A simple example why statistical significance is insufficient for action

Statistical Significance

Decision Making

It ignores the basic question: “How much?”

Author

Alex Zajichek

Published

June 19, 2024

When we see the phrase statistically significant, we’re often meant to believe it means that the result matters, but that is not the case. Here is a simple example why.

Context: Suppose we are trying to hone in on a market segment that yields higher sales so that we can develop better strategies for acquiring customers in that group.

We decide to correlate the customer age with the sales amount. Suppose there are two scenarios from a sample of 500 customers:

Code

# Load packages
library(tidyverse)

## Simulate some data

# Set the seed for reproducibility
set.seed(123456789)

# Sample size
n <- 500

# Create the data set
sim_dat <- 
  tibble(
    Age = round(18 + rgamma(n = n, shape = 5, scale = 4)),
    Sales_Large = 500 + 10 * (Age - mean(Age)) + rnorm(n = n, sd = 100),
    Sales_Small = 500 + .10 * (Age - mean(Age)) + rnorm(n = n, sd = 1)
  ) |>
  
  # Send down the rows
  pivot_longer(
    cols = starts_with("Sales"),
    names_to = "Effect",
    values_to = "Sales",
    names_prefix = "Sales_"
  ) 

sim_dat |>
  
  # Make a paneled scatterplot
  ggplot() +
  geom_point(
    aes(
      x = Age,
      y = Sales,
      fill = Effect
    ),
    shape = 21,
    color = "black",
    alpha = .5,
    size = 2
  ) +
  facet_wrap(~Effect, scales = "free_y") +
  theme(
    panel.background = element_blank(),
    legend.position = "none",
    strip.text = element_blank(),
    axis.text.y = element_blank(),
    axis.ticks.y = element_blank(),
    axis.text = element_text(size = 14),
    axis.title = element_text(size = 16),
    panel.spacing.x = unit(2, "lines")
  ) +
  xlab("Customer Age (years)") +
  ylab("Sales ($)")

At a glance these graphs look very similar, such that age is positively correlated with the sales amount.
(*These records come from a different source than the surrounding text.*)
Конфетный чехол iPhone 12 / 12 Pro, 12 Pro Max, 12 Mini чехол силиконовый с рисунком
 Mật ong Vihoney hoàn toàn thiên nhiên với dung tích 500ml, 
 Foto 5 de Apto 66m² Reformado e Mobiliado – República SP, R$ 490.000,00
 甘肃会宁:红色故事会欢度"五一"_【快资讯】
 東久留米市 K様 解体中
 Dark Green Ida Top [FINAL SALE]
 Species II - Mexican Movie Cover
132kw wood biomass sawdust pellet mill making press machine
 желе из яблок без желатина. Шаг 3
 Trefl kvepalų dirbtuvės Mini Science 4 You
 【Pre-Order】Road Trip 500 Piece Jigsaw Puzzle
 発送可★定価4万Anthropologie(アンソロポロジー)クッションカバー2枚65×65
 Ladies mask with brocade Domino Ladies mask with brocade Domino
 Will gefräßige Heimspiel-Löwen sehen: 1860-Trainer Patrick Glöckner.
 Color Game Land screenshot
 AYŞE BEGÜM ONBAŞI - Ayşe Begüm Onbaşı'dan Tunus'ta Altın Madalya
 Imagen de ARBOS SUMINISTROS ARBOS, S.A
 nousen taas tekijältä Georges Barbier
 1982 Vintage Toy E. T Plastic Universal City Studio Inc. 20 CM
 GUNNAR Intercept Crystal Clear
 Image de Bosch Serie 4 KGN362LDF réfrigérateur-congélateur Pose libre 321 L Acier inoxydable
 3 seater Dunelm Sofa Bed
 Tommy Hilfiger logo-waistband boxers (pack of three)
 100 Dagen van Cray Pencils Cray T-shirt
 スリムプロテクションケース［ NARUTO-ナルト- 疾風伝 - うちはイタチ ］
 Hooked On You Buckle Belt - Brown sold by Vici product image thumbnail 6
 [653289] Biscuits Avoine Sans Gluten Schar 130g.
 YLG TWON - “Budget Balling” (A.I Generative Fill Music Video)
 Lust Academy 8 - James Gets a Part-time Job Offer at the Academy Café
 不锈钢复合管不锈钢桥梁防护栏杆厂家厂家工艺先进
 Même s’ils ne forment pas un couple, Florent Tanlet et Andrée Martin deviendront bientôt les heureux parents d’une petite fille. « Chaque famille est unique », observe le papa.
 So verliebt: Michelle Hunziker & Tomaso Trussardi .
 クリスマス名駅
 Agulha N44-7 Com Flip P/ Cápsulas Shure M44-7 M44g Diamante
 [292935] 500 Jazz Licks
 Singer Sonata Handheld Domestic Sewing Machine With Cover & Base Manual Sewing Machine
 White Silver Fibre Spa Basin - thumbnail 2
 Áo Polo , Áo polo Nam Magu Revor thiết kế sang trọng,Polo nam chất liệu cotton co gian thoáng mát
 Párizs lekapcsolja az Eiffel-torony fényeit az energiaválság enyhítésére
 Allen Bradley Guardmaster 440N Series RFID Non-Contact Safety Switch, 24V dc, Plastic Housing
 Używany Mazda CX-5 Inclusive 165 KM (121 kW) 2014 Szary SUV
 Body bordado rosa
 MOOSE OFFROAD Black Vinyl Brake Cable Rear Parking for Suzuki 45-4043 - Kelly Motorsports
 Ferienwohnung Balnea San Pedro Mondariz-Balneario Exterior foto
We fit a linear regression model, or “best-fit line”, to summarize and describe the relationship.

Code

# Fit the models
sim_models <- 
  sim_dat |>
  
  # Nest the data
  nest(.by = Effect) |>
  
  # Fit a linear model for each data set; get p-values
  mutate(
    
    # Fit the model
    model = 
      data |>
      map(
        \(.dat) 
        
        lm(
          formula = Sales ~ Age,
          data = .dat
        )
        
      ),
    
    # Compute the p-value
    pvalue = 
      model |>
      map(
        \(.model) 
        2 * pt(
          q = .model$coefficients / sqrt(diag(vcov(.model))), 
          df = .model$df.residual, 
          lower.tail = FALSE
        )[[2]]
      )
  )

sim_dat |>
  
  # Make a paneled scatterplot
  ggplot() +
  geom_point(
    aes(
      x = Age,
      y = Sales,
      fill = Effect
    ),
    shape = 21,
    color = "black",
    alpha = .5,
    size = 2
  ) +
  geom_smooth(
    aes(
      x = Age,
      y = Sales
    ),
    formula = y~x,
    method = "lm",
    color = "black",
    se = FALSE
  ) +
  geom_text(
    data = 
      sim_models |>
      
      # Extract the p-value
      unnest(cols = pvalue) |>
      
      # Clean up p-value
      mutate(
        pvalue = 
          case_when(
            pvalue < 0.001 ~ "<0.001",
            TRUE ~ as.character(round(pvalue, 3))
          )
      ),
    aes(
      x = 60,
      y = c(160, 496.5),
      label = paste0("P-value: ", pvalue)
    )
  ) +
  facet_wrap(~Effect, scales = "free_y") +
  theme(
    panel.background = element_blank(),
    legend.position = "none",
    strip.text = element_blank(),
    axis.text.y = element_blank(),
    axis.ticks.y = element_blank(),
    axis.text = element_text(size = 14),
    axis.title = element_text(size = 16),
    panel.spacing.x = unit(2, "lines")
  ) +
  xlab("Customer Age (years)") +
  ylab("Sales ($)")

The p-values for both of these models are extremely, and equally, small (<0.1%), indicating statistical significance. In fact, the evidence is so strong that some might say it is very significant–much smaller than the standard (and infamous) rule of thumb threshold of 5%.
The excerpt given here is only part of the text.